Your instructions: In the entries below, find the line containing "Funda Silicona Líquida" and the line containing "MADS NØRGAARD COPENHAGEN". Copy those two lines and everything between them exactly, and only that.

Provided material:
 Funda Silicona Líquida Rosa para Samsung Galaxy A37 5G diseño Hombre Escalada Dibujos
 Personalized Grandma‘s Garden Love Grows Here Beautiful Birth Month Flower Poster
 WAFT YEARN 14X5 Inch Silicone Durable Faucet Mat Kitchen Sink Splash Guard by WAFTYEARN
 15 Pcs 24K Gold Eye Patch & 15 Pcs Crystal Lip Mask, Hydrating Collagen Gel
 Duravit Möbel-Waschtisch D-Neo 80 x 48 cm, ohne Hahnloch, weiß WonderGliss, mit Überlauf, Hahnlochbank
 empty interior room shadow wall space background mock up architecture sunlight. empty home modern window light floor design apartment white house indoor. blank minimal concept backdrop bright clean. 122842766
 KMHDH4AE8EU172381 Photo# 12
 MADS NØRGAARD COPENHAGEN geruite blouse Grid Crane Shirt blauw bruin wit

--

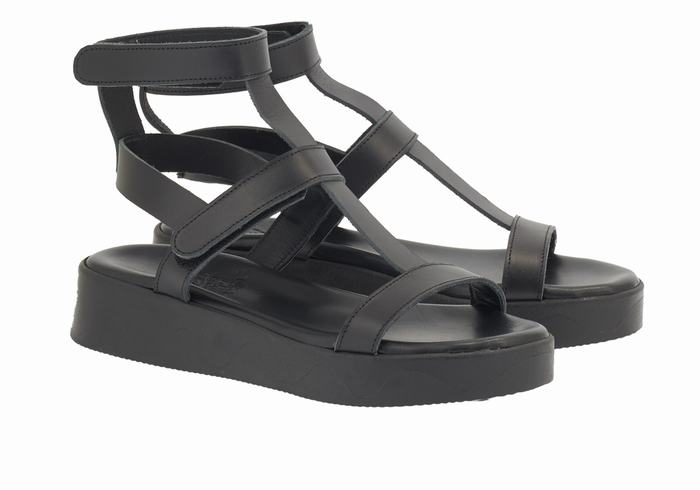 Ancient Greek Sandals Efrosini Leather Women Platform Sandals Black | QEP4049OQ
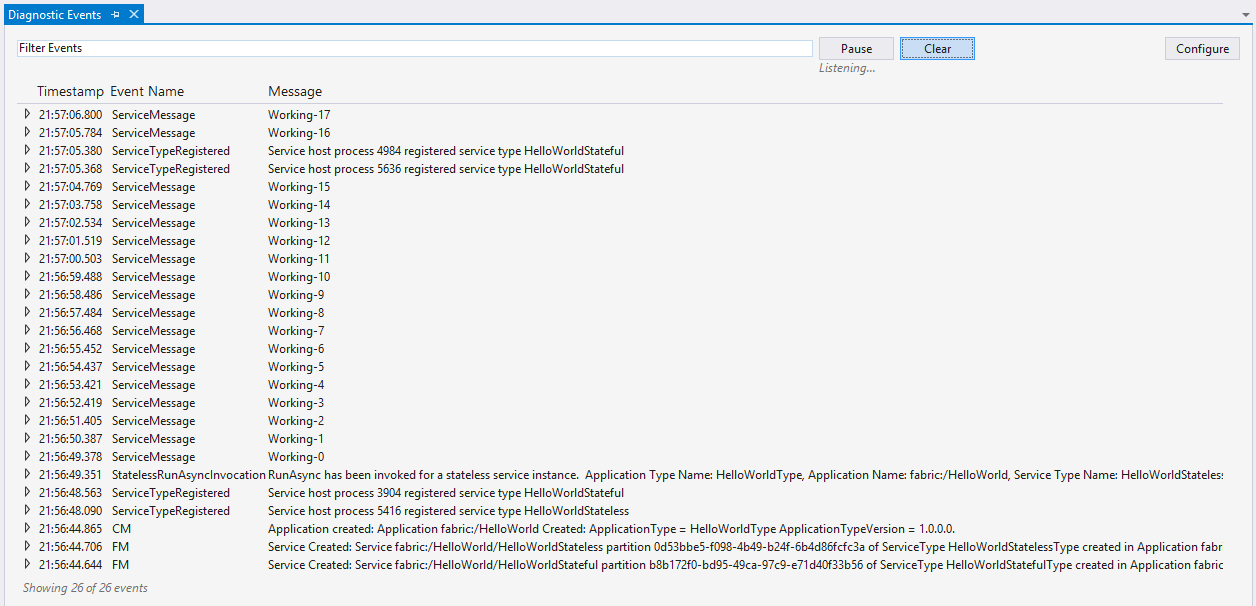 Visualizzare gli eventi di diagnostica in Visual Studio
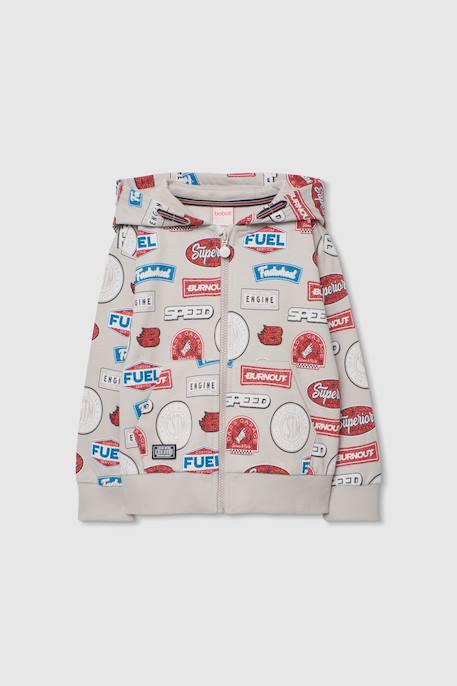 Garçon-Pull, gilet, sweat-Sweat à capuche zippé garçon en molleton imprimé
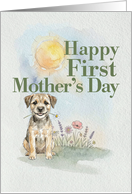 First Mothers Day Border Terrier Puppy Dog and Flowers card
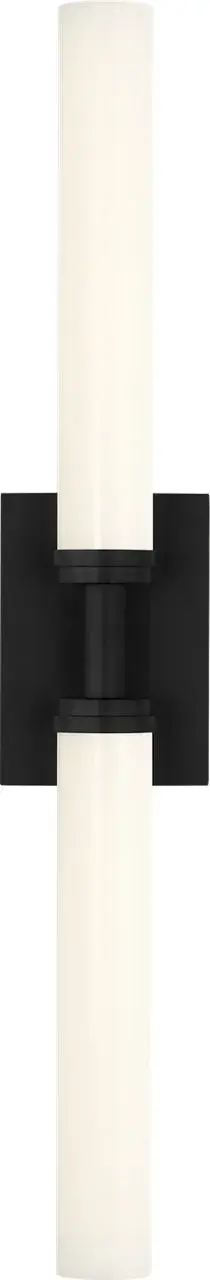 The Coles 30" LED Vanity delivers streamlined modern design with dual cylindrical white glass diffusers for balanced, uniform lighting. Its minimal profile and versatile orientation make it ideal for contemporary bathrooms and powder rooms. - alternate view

* * *

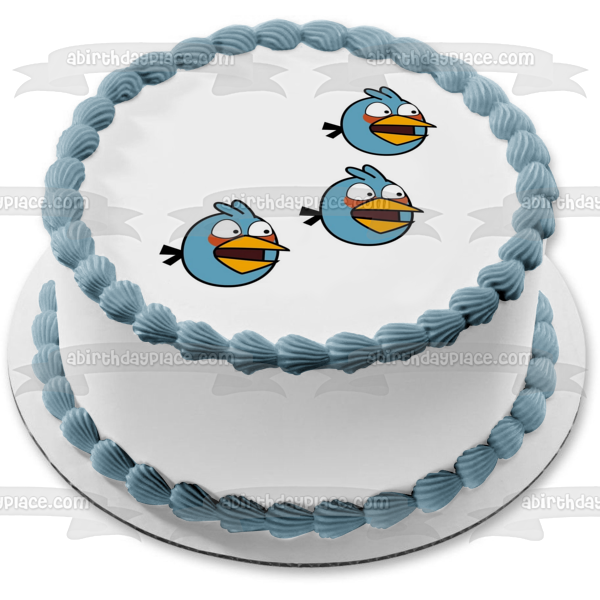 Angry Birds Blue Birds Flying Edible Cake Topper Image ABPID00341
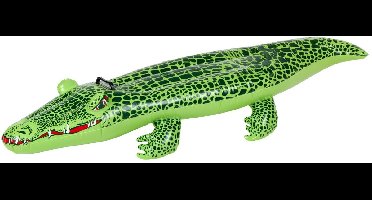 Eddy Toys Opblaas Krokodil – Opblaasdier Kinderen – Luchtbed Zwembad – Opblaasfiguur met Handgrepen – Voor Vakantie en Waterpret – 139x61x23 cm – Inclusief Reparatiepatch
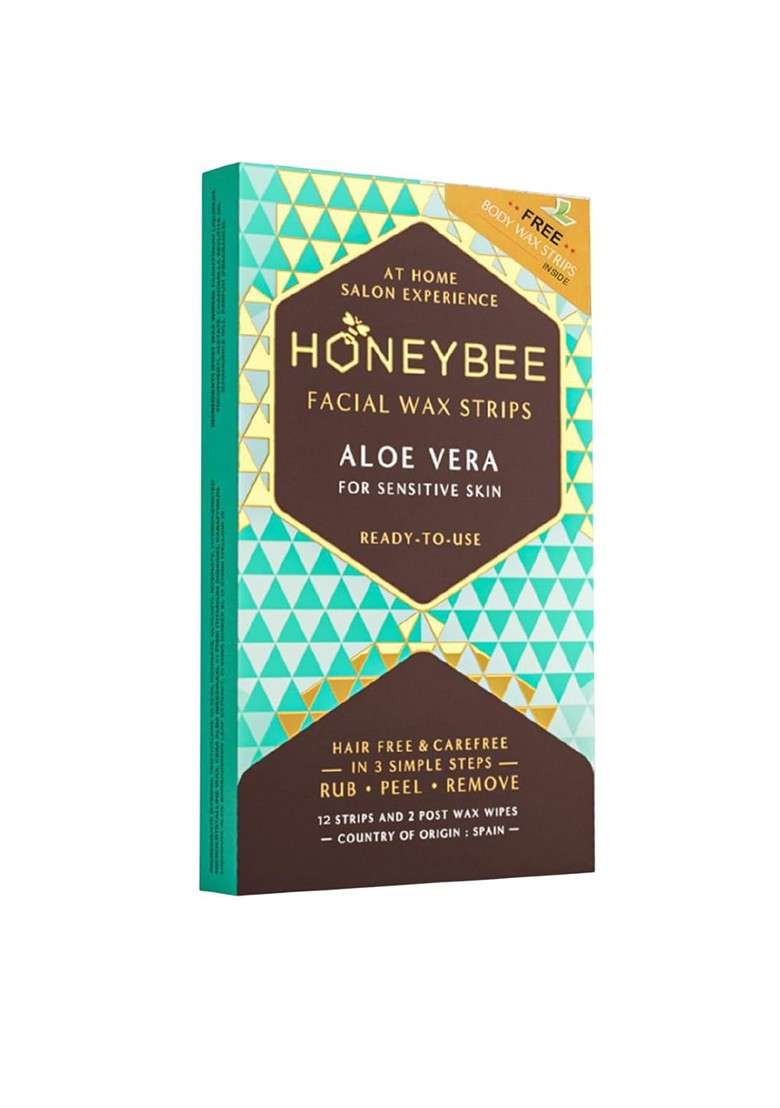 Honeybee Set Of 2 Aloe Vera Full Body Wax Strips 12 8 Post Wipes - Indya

The answer:
 Funda Silicona Líquida Rosa para Samsung Galaxy A37 5G diseño Hombre Escalada Dibujos
 Personalized Grandma‘s Garden Love Grows Here Beautiful Birth Month Flower Poster
 WAFT YEARN 14X5 Inch Silicone Durable Faucet Mat Kitchen Sink Splash Guard by WAFTYEARN
 15 Pcs 24K Gold Eye Patch & 15 Pcs Crystal Lip Mask, Hydrating Collagen Gel
 Duravit Möbel-Waschtisch D-Neo 80 x 48 cm, ohne Hahnloch, weiß WonderGliss, mit Überlauf, Hahnlochbank
 empty interior room shadow wall space background mock up architecture sunlight. empty home modern window light floor design apartment white house indoor. blank minimal concept backdrop bright clean. 122842766
 KMHDH4AE8EU172381 Photo# 12
 MADS NØRGAARD COPENHAGEN geruite blouse Grid Crane Shirt blauw bruin wit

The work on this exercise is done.